Noah Gunler and Juuso Välimäki have both left the Chicago Wolves for the Swedish Hockey League, and the timing hits a club that was still riding the afterglow of a Calder Cup Finals run to Game 5. Gunler is headed to Djurgårdens IF, while Välimäki has signed with Brynäs IF, two departures that cut directly into Chicago’s forward skill and blue-line mobility after the Wolves beat Toronto 4-3 in overtime in Game 4 on June 18 to force the winner-take-all finale.
Gunler’s exit removes one of the Wolves’ most productive and familiar offensive pieces. He finished the regular season with 35 points in 71 games, including 15 goals, 20 assists, four power-play goals and three game-winning goals, then added two goals and five assists in 21 playoff games. Over his last two seasons back in North America, Gunler totaled 61 points in 129 AHL games, a pace that showed real value even if he never fully locked down a top-six role in Chicago.
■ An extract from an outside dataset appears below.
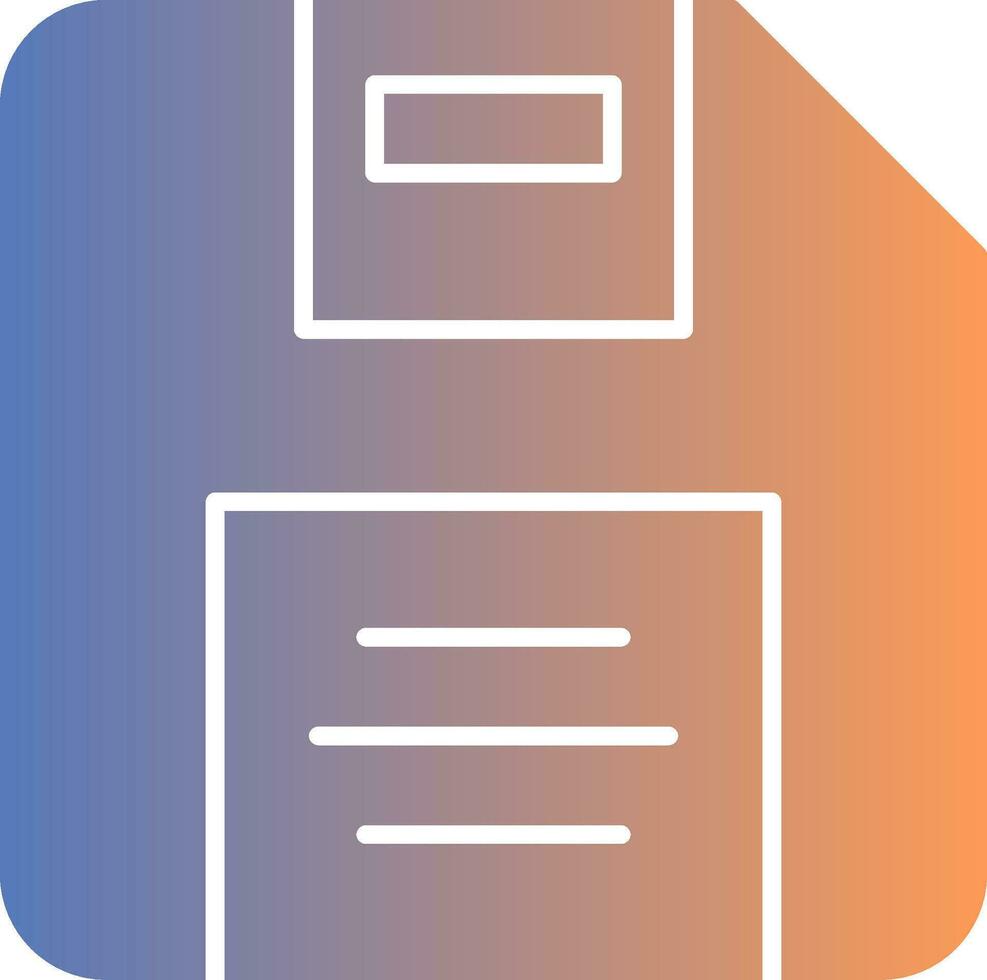 Diskette Gradient Icon vector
He has spent four of the last five seasons in Chicago, with one Liiga season breaking up that stretch, which makes the move to Djurgården feel like both a reset and a chance at a bigger offensive workload.

For the Wolves, replacing that kind of touch is not a simple matter of sliding the next winger into place. Gunler was part of the young, fast group that helped Chicago reach the Calder Cup Finals, and his production carried into the postseason with seven points across 21 playoff games. Losing that profile abroad is exactly the kind of offseason turnover that often follows a deep AHL run: the better the season, the more visible the players become to clubs offering bigger roles and cleaner pathways.
Välimäki’s move is just as significant for a Chicago team that benefited from his puck-moving ability down the stretch. The defenseman produced 20 points in 24 regular-season games for the Wolves and added six points in 11 playoff games. The AHL lists him as the Calgary Flames’ first-round pick, 16th overall in 2017, and he arrived in Chicago after Carolina acquired him from Utah on Feb. 24, 2026 and assigned him to the Wolves. Before that, he had logged 59 career AHL games with Tucson and Stockton.
Brynäs said Välimäki signed a two-year contract through the 2027/28 season and described him as a big, skilled defenseman with top-SHL-player potential. Together, the two moves underline how quickly a successful Wolves roster can be mined for European opportunities after a season that ended one win short of the Calder Cup.